“Temos de realçar o aspecto lúdico da festa, em especial da Festa dos Rapazes”, diz Belarmino Afonso, referindo-se a esta tradição de Petisqueira, Deilão, Vila Meã e Babe, do planalto da Lombada, no concelho de Bragança.
A festa desenrola-se nos dias 25 e 26 de Dezembro – dias de Natal e de Santo Estêvão (dantes também no dia 27, dia dos Santos Inocentes) – e desta participam por direito próprio os rapazes com mais de 12 anos. Os meirinhos são em regra três, mudando em cada ano – o meirinho velho escolhe o meirinho novo e o substituto, sendo esta escolha em Vila Meã seguida por um curioso “simulacro de votação que vem confirmar a escolha feita” –; é a eles que compete a coordenação das actividades. A não ser em Babe, também as raparigas participam na ceia, ponto alto da comemoração, que é seguida de baile. Os comes-e-bebes são oferecidos ou angariados pelos rapazes que em Vila Meã têm especial ajuda das raparigas que fazem as roscas (pão de trigo coberto com clara de ovo e em forma estelar).

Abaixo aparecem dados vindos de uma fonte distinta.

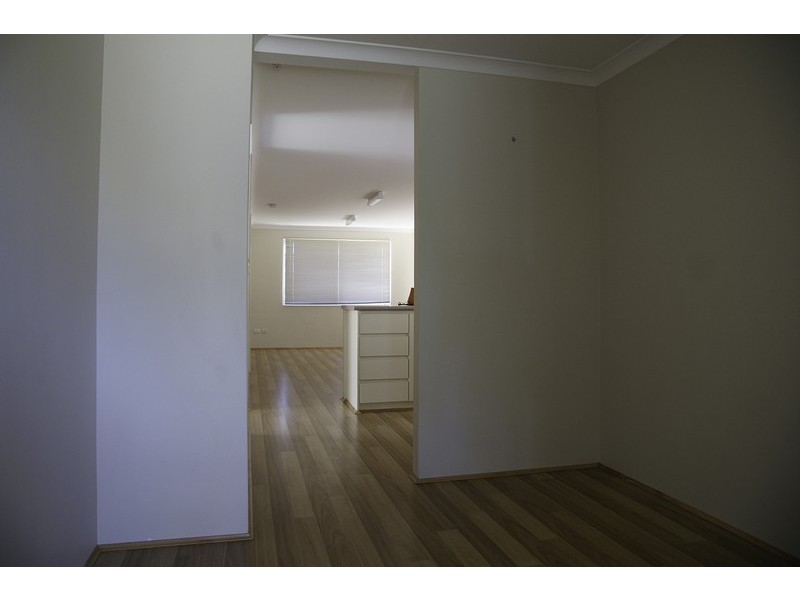 10 Hodges St, Middle Swan WA 6056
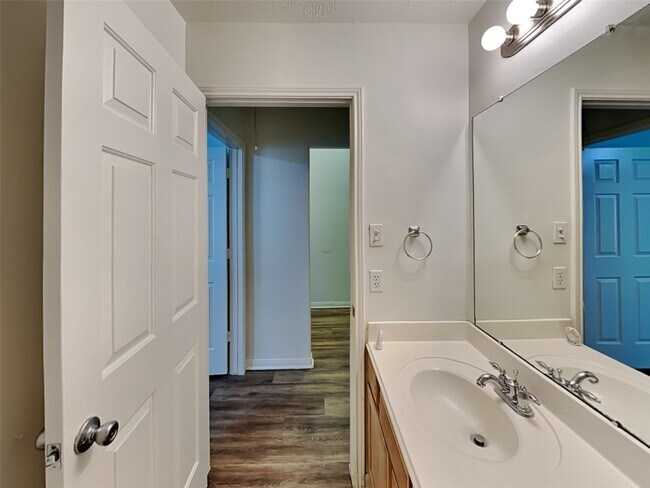 Building Photo - 2518 Halstead Dr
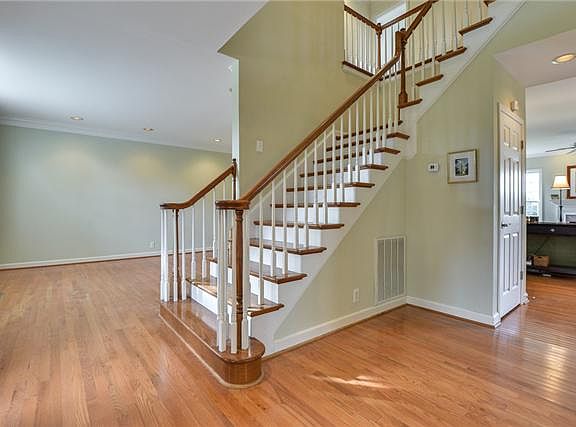 2nd image of 932 Yearling Way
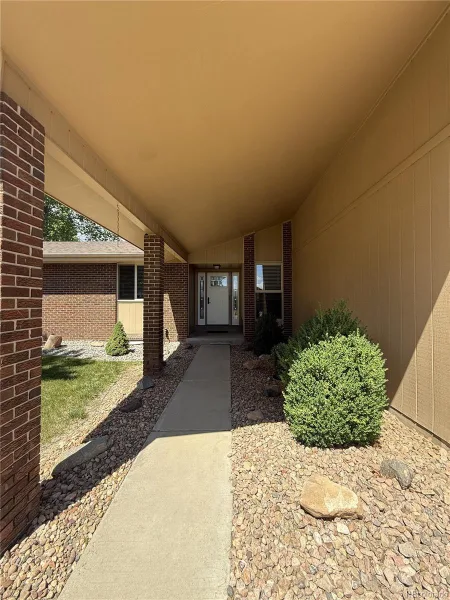 1843 S Pierson Court Lakewood CO 80232 MLS #REC5659689 06082026234513 800 2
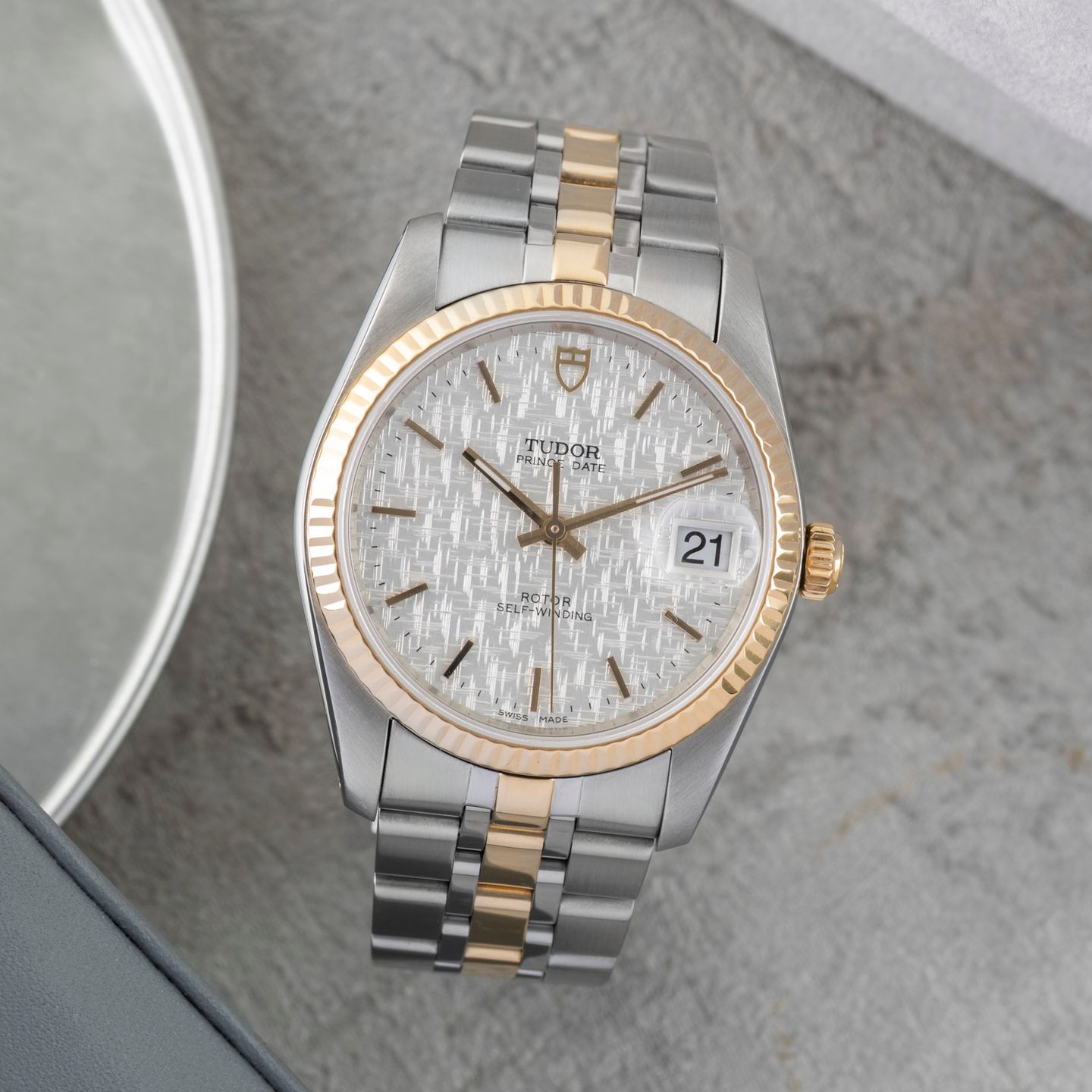 Tudor Prince Date 74033 - (1/8)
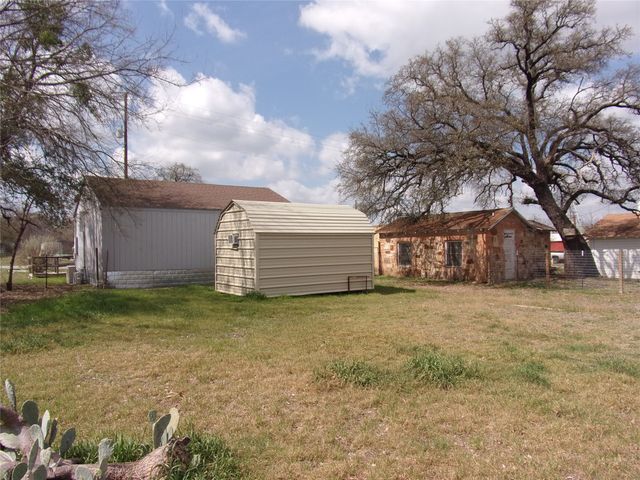 403 S Live Oak Street, San Saba, TX 76877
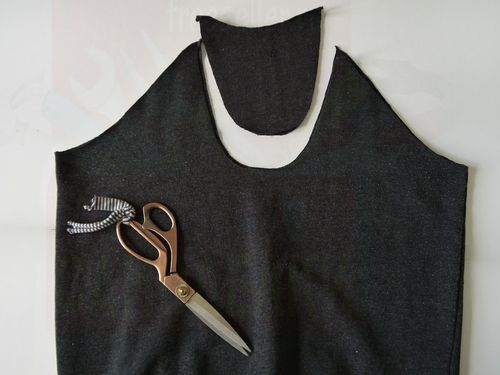 Процесс изготовления свитера из сумки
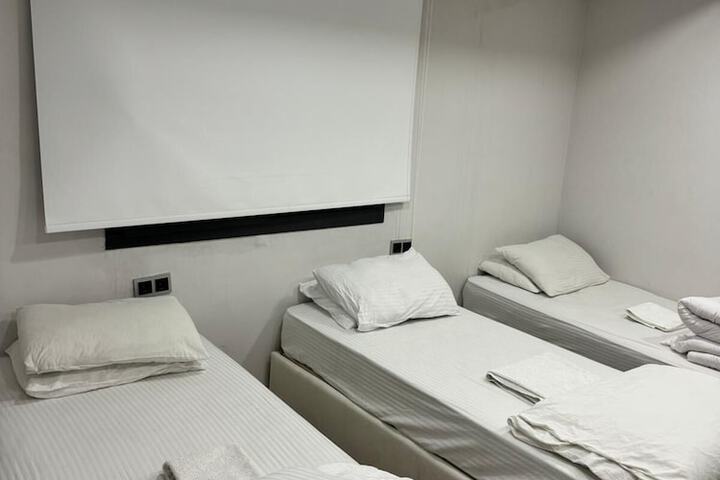 Room 31 of 40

Em Deilão, o meirinho velho paga a calaça, isto é, o vinho e bebidas finas para os circunstantes, registou Belarmino Afonso que diz que, pelas 15 ou 16 horas, o baile é interrompido.
O altifalante anuncia que “os meirinhos vão correr”. Tudo conflui para o largo principal. “Os rapazes soltam-se da moça e botam-se a correr.” Correm três meirinhos. No seu encalço vai toda a outra juventude tentar apanhá-los. Quando isto sucede, vêm “às carrintchas” dos rapazes. Quando havia mais raparigas, “eram elas que traziam às costas os meirinhos”. Quando são apanhados, vai ao seu encontro o gaiteiro, bombo, ferrinhos e mais garotada. A animação começa a aquecer. “Toca, gaiteiro, se não, não ganhas as castanhas”, dizem às vezes os assistentes para animar a festa.
Em Vila Meã, após a corrida, os meirinhos velho e novo “regressam às costas, cada um de duas raparigas”.
A Festa dos Rapazes tem enquadramento religioso. Os rapazes em Deilão assistem à missa nos dias 25 e 26, formando em Babe duas alas, e na procissão são eles que conduzem o andor de Santo Estêvão. Vamos terminar este apontamento com um breve relato de Belarmino Afonso:
Chegara para celebrar a missa no dia 26, a Deilão. Ouvi choros e grande barulheira. Era um simulacro de enterro, acompanhado de trejeitos bizarros e alarido de carpideiras. Um jovem que não compareceu de manhã cedo à chamada, após a alvorada, fazia de morto. Foram descobri-lo a casa ou onde quer que estivesse. Trouxeram-no numa escada que servia de esquife. Outro fazia de padre e inglesava um “reco eterno” de latim apropriado à cerimónia fúnebre. A água benta tirada de qualquer charco ia numa caldeira. O funeral ou a sua simulação consistia numa espécie de sanção moral para o prevaricador que não conseguiu passar uma noite sem dormir.
Notas
AFONSO, Belarmino – Brigantia, revista de cultura. Julho-Dezembro de 1987 (1987) 339–354.